Tropical Storm Cindy makes landfall as it lashes Gulf Coast with life threatening flash flooding and tornadoes

This enhanced image from NOAA’s GOES-East satellite shows cloud top temperatures in bands of thunderstorms north and east of Tropical Storm Cindy’s center on June 21
Credits: NOAA/UWM-CIMSS

Tropical Storm Cindy continues to approach the Gulf Coast and is expected to make landfall early Thursday morning along the border of Texas and Louisiana.
The storm, which has been impacting Gulf Coast states with heavy rain since early in the week, will continue to be threatening with severe weather, life-threatening flooding and rip currents from Texas to Florida into Thursday.
Emergency officials throughout the South have already begun readying swift-water rescue teams and enacting other precautions to make sure communities have the proper assistance.

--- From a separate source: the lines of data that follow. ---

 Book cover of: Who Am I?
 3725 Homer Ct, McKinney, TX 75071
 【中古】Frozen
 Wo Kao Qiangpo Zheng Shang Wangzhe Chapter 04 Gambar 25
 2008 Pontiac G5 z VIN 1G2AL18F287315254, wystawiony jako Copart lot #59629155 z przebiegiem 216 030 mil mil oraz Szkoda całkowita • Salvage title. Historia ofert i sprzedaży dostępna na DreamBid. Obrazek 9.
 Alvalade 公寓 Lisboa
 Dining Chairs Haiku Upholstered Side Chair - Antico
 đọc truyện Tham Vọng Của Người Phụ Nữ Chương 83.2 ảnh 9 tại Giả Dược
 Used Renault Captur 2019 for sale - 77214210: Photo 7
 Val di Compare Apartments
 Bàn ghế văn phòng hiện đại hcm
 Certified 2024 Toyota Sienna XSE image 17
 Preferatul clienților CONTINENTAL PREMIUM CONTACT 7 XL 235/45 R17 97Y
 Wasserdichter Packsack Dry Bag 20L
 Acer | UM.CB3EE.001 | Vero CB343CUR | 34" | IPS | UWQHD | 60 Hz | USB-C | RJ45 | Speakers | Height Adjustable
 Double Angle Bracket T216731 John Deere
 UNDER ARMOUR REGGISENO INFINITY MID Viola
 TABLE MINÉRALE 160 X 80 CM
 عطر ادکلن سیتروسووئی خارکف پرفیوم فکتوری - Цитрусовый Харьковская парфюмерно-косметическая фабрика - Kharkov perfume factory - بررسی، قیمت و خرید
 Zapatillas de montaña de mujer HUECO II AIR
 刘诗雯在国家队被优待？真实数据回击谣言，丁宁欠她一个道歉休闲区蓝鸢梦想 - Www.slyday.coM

Credits: NASA Goddard MODIS Rapid Response Team

On June 21 at 11 a.m. EDT, a Tropical Storm Warning is in effect for San Luis Pass, Texas to the mouth of the Mississippi River.
When NASA’s Aqua satellite passed over the Gulf of Mexico on June 20 at 19:15 UTC (3:15 p.m. EDT), Tropical Depression 3 was already upgraded to Tropical Storm status and named Cindy.
The storm was classified as a tropical storm at 2 p.m. EDT.
The Moderate Resolution Imaging Spectroradiometer or MODIS instrument aboard Aqua showed Cindy’s center of circulation in the central Gulf of Mexico with a large area of thunderstorms sweeping from northwest to southeast of the center, stretching from eastern Texas to Florida.
The National Hurricane Center or NHC noted on June 21 that “Heavy rainfall could produce life-threatening flash flooding across portions of the northern Gulf coast.”